Re: [PROPOSAL] MultiLineIO

Posted by Jean-Baptiste Onofré <jb...@nanthrax.net>.
Yes, you already use the "new style" as you use BoundedSource.

Regards
JB

On 03/14/2016 08:08 PM, Giesin, Peter wrote:
> The MultiLineIO is a BoundedSource and an extension of FileBasedSource. Where the FileBasedSource reads a single line at a time the MultiLineIO allows the user to define an arbitrary “message” delimiter. It then reads through the file, removing newlines, until the separator is read, finally returning the character sequence that is built.
>
>
>
> I believe it is already built using the new style but I will compare it to the BigTableIO to confirm that.
>
> Peter
>
> On 3/14/16, 1:50 PM, "Jean-Baptiste Onofré" <jb...@nanthrax.net> wrote:
>
>> I second Eugene here.
>>
>> In the past, I developed some IOs using the "old style" (as did in the
>> PubSubIO).
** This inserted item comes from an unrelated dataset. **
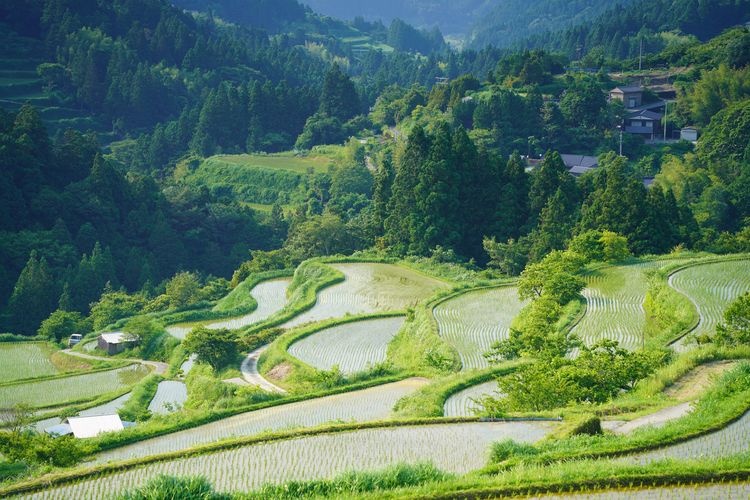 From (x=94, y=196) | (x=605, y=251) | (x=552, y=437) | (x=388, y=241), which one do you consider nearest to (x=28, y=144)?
(x=94, y=196)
I'm now refactoring it to use the "new style".
>>
>> Regards
>> JB
>>
>> On 03/14/2016 06:47 PM, Eugene Kirpichov wrote:
>>> Hi Peter,
>>> Looking forward to your PR. Please note that source classes are relatively
>>> tricky to develop, so would you mind briefly explaining what your source
>>> will do here over email, so that we hash out some possible issues early
>>> rather than in PR comments?
>>> Also note that now recommend to package IO connectors as PTransforms,
>>> making the PTransform class itself be a builder - while the Source/Sink
>>> classes should be kept package-private (rather than exposed to the user).
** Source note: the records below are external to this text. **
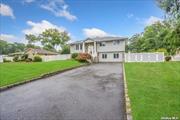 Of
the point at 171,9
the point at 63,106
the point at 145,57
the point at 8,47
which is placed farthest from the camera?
the point at 8,47

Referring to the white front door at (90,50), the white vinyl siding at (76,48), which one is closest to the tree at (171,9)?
the white front door at (90,50)

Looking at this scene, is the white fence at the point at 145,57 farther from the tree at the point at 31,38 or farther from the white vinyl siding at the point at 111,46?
the tree at the point at 31,38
>>> For an example of a connector packaged in this style, see BigtableIO (
>>> https://urldefense.proofpoint.com/v2/url?u=https-3A__github.com_GoogleCloudPlatform_DataflowJavaSDK_blob_master_sdk_src_main_java_com_google_cloud_dataflow_sdk_io_bigtable_BigtableIO.java&d=BQIDaQ&c=3BfiSO86x5iKjpl2b39jud9R1NrKYqPq2js90dwBswk&r=Qm-l_hW9ETnsf6X4GnnKezFfnAEwc328ni8ljHdGYjo&m=spZLCFrFYTtUSPsGFMTVvmXPyfW-dr7Uouq-4BtWaPQ&s=qJJMaoRlOHxy1MRcAwa7aIJxwGYJyUKL93FdO4jZr1I&e=
>>> ).
>>> The advantage is that this style allows you to restructure the connector or
>>> add additional transforms into its implementation if necessary, without
>>> changing the call sites. It might seem less important in case of a simple
>>> connector like reading lines from file, but it will become much more
>>> important with things like SplittableDoFn
>>> <https://urldefense.proofpoint.com/v2/url?u=https-3A__issues.apache.org_jira_browse_BEAM-2D65&d=BQIDaQ&c=3BfiSO86x5iKjpl2b39jud9R1NrKYqPq2js90dwBswk&r=Qm-l_hW9ETnsf6X4GnnKezFfnAEwc328ni8ljHdGYjo&m=spZLCFrFYTtUSPsGFMTVvmXPyfW-dr7Uouq-4BtWaPQ&s=POJMhWDTbkUnHHLnKcH9FtzeP-lrZkuGZG3YPNNhXSU&e= >.
>>>
>>> On Mon, Mar 14, 2016 at 10:29 AM Jean-Baptiste Onofré <jb...@nanthrax.net>
>>> wrote:
>>>
>>>> Hi Peter,
>>>>
>>>> awesome !
>>>>
>>>> Yes, you can create the PR using the github mirror.
>>>>
>>>> Does your MultiLineIO use Bounded/Unbounded "new" classes ?
>>>>
>>>> Regards
>>>> JB
>>>>
>>>> On 03/14/2016 06:23 PM, Giesin, Peter wrote:
>>>>> Hi all!
>>>>>
>>>>> I am looking to get involved in the project. I have a MultiLineIO
>>>> file-based source that I think would be useful. I know the project is just
>>>> spinning up but can I simply clone the repo and create a PR for the new IO?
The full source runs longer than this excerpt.